Start of THE DATA
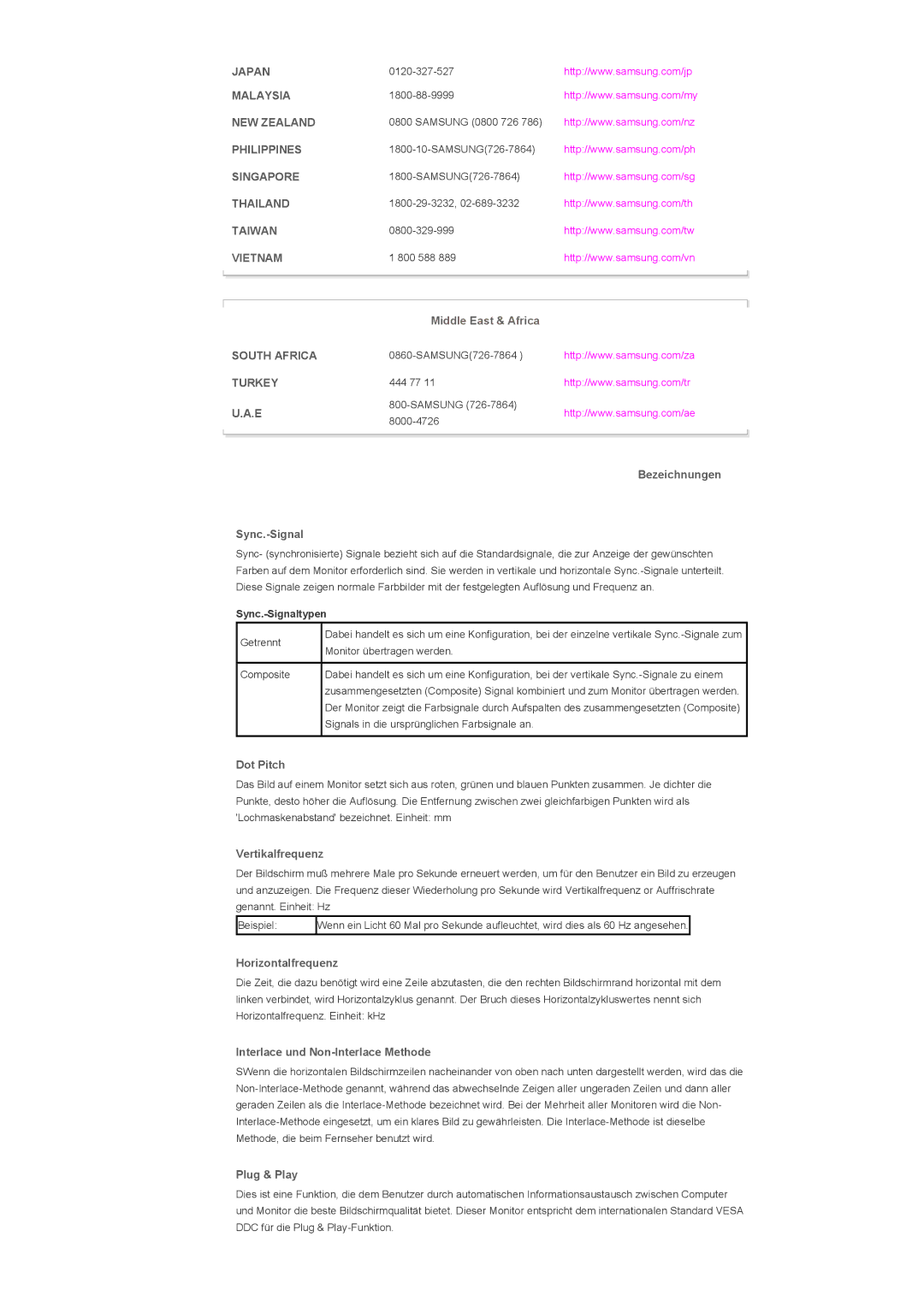 Samsung LH82TCTMBC/EN manual Japan, Malaysia, NEW Zealand, Philippines, Singapore, Thailand, Taiwan, Vietnam, South Africa 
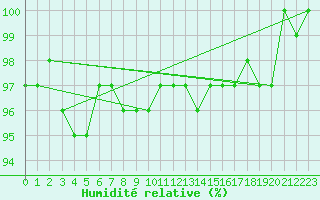 Courbe de l'humidit relative pour Moleson (Sw)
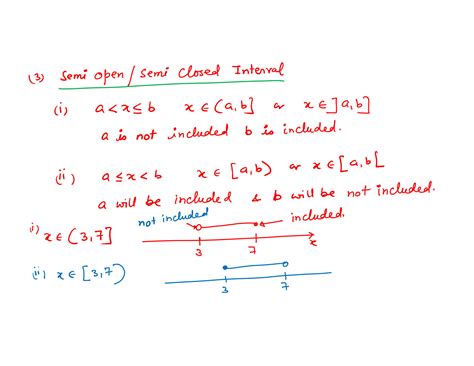 Image result for Wavy Curve Method Basic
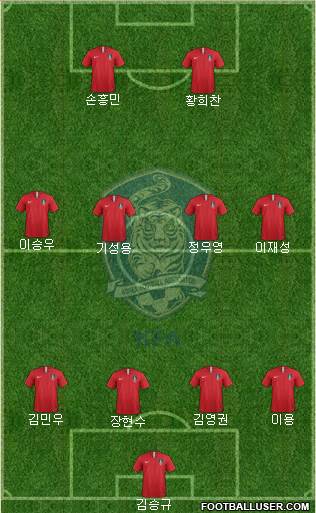 South Korea Formation 2018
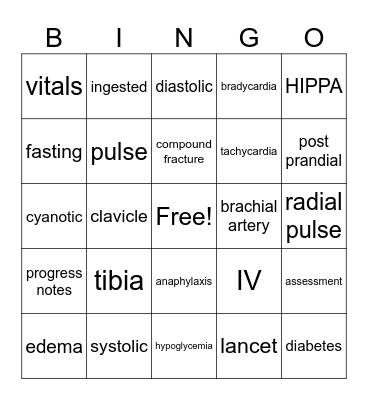 biomedical bingo Card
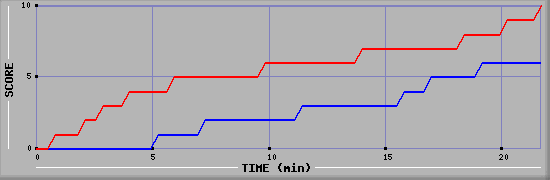 Team Scoring Graph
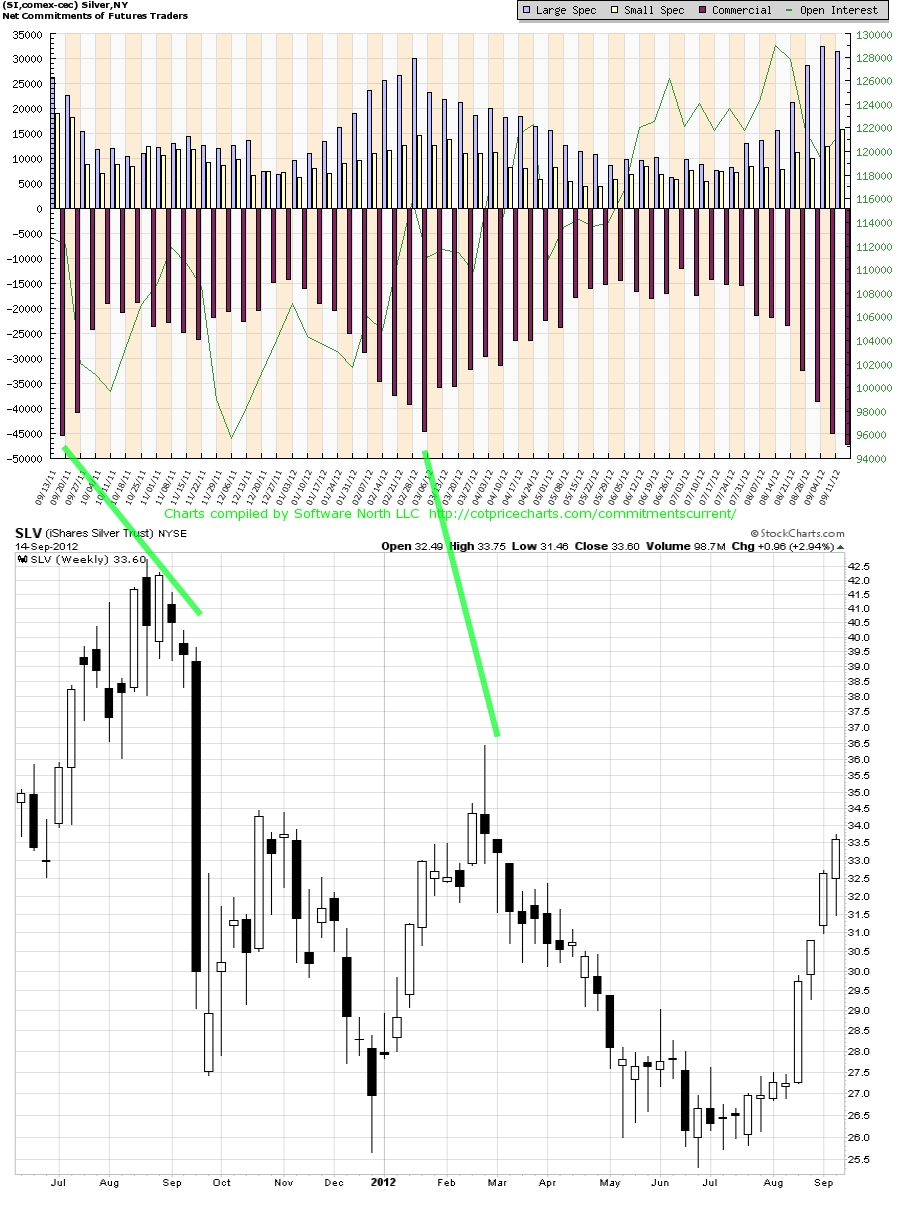 SLV vs. COTs September 2012.jpg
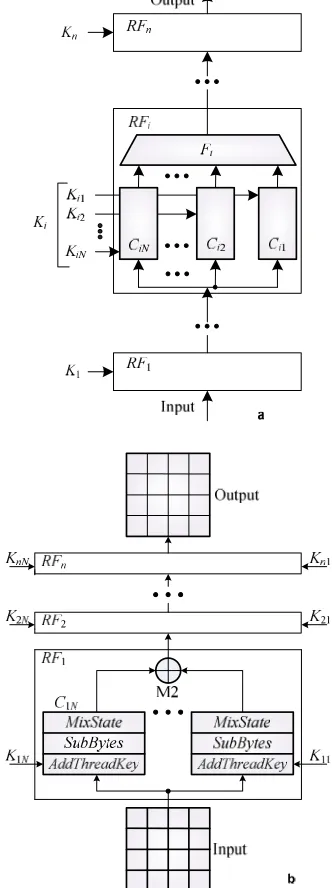 Fig. 4 shows variants of the combinational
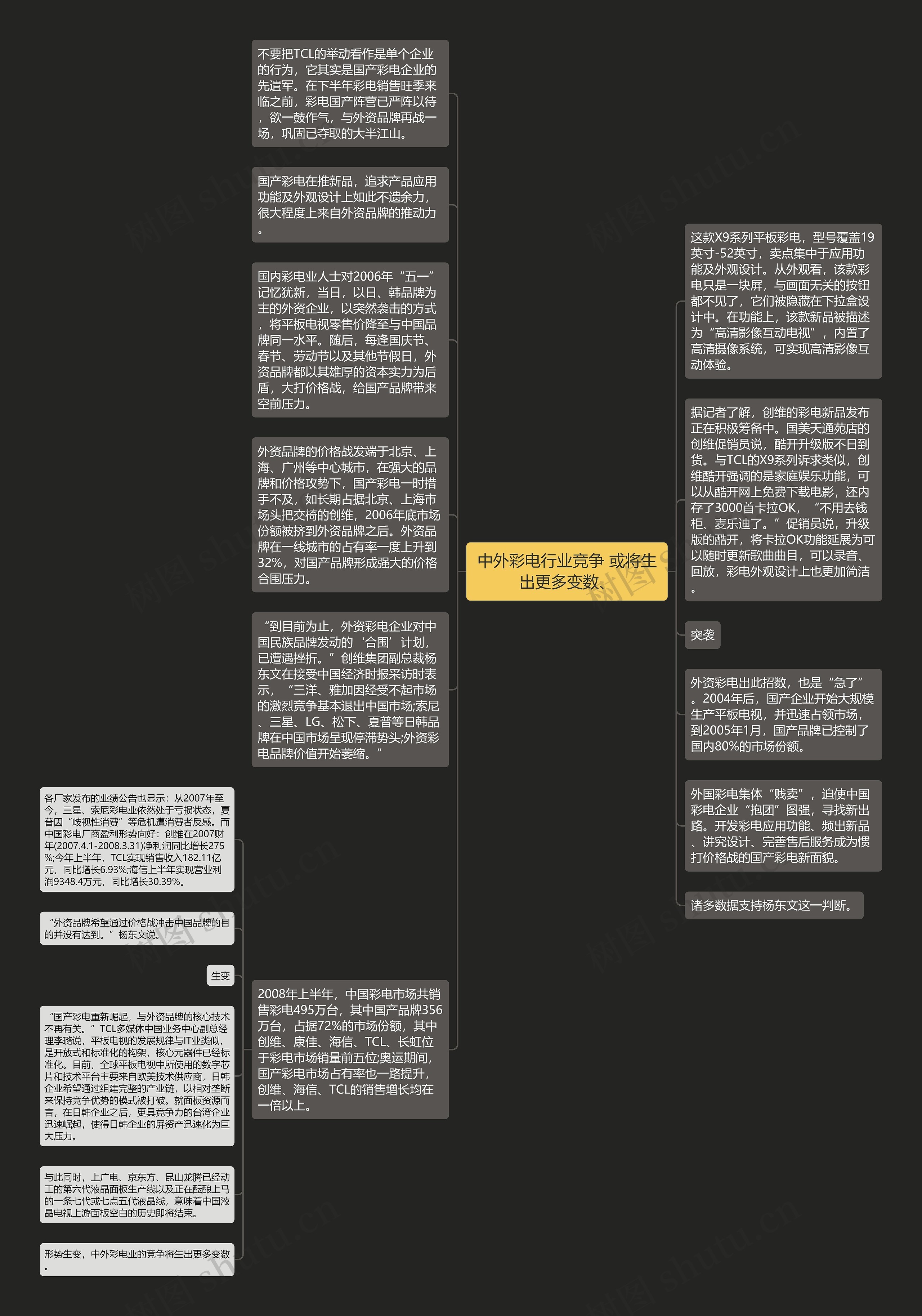 中外彩电行业竞争 或将生出更多变数、思维导图高清图 中外彩电行业竞争 或将生出更多变数、思维导图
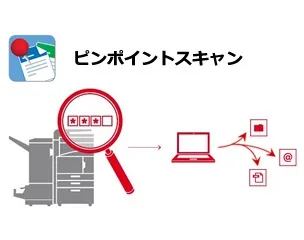 ピンポイントスキャン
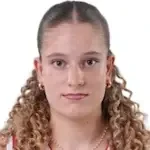 Тесс Корте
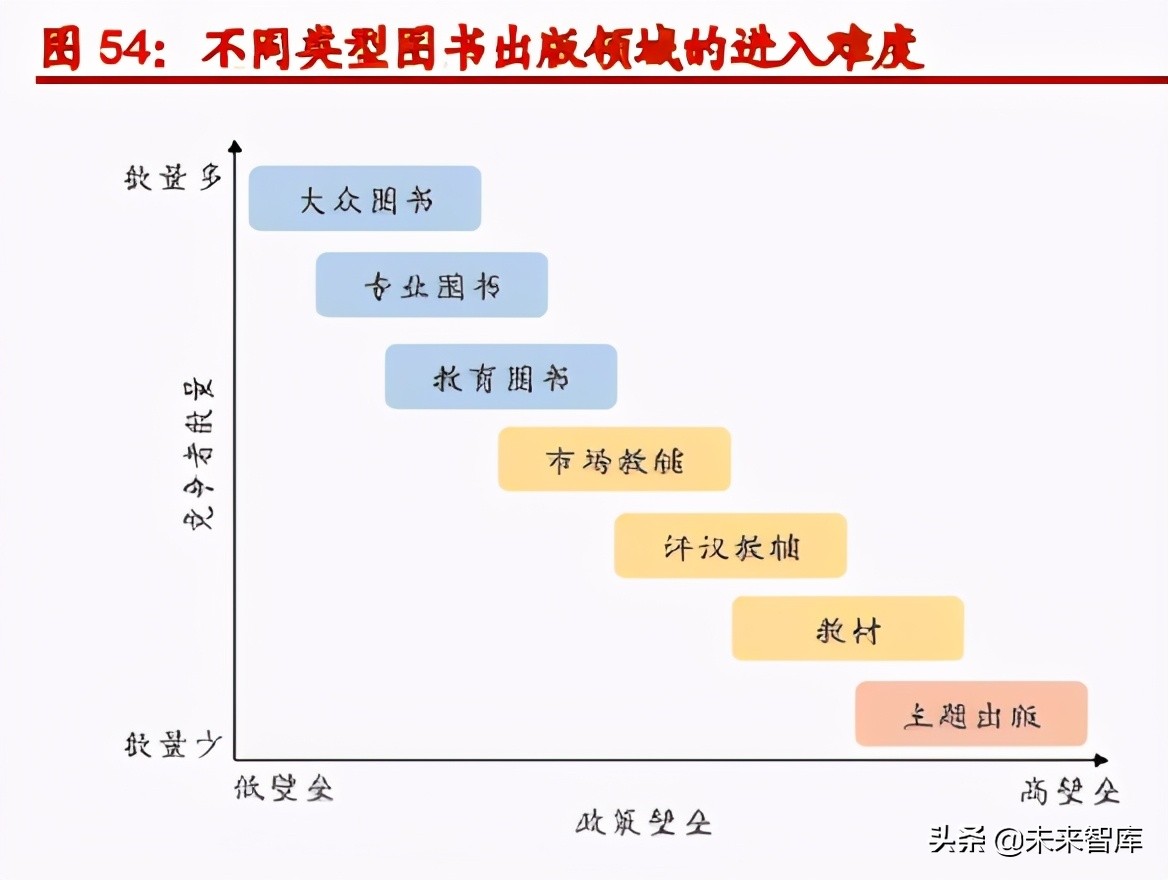 图书出版行业深度研究报告：内容产业根基，阅尽千山自成峰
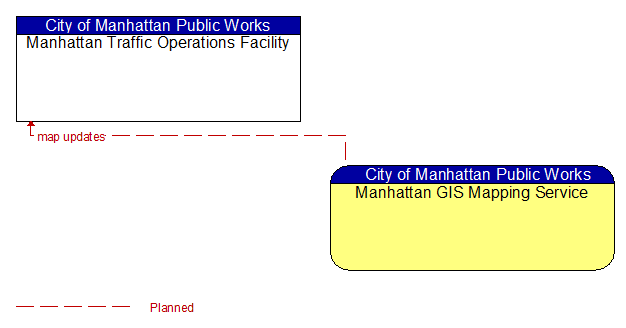 Manhattan Traffic Operations Facility to Manhattan GIS Mapping Service Interface Diagram
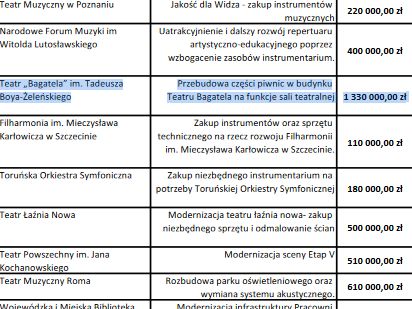 1,3 mln zł otrzymał dofinansowania Teatr Bagatela w Krakowie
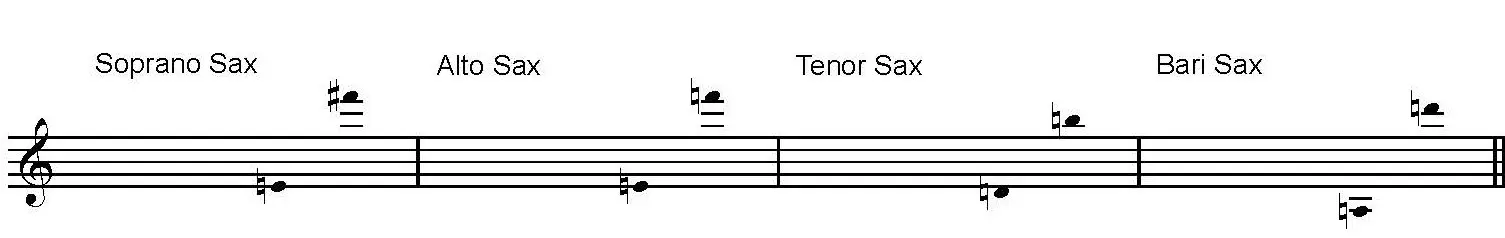 Chrissemas Day in the Morning by Gustav Holst arranged for SATB Sax Quartet . Saxophone Ranges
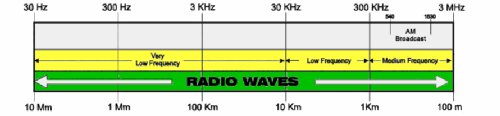 Radio-spectrum-summary-A 500.jpg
End of THE DATA
YOUR OBJECTIVE: Your reply should restate every entry exactly, with the pictures left out.

EXERCISE RESULT:
 Samsung LH82TCTMBC/EN manual Japan, Malaysia, NEW Zealand, Philippines, Singapore, Thailand, Taiwan, Vietnam, South Africa 
 Courbe de l'humidit relative pour Moleson (Sw)
 Image result for Wavy Curve Method Basic
 South Korea Formation 2018
 biomedical bingo Card
 Team Scoring Graph
 SLV vs. COTs September 2012.jpg
 Fig. 4 shows variants of the combinational
 中外彩电行业竞争 或将生出更多变数、思维导图高清图 中外彩电行业竞争 或将生出更多变数、思维导图
 ピンポイントスキャン
 Тесс Корте
 图书出版行业深度研究报告：内容产业根基，阅尽千山自成峰
 Manhattan Traffic Operations Facility to Manhattan GIS Mapping Service Interface Diagram
 1,3 mln zł otrzymał dofinansowania Teatr Bagatela w Krakowie
 Chrissemas Day in the Morning by Gustav Holst arranged for SATB Sax Quartet . Saxophone Ranges
 Radio-spectrum-summary-A 500.jpg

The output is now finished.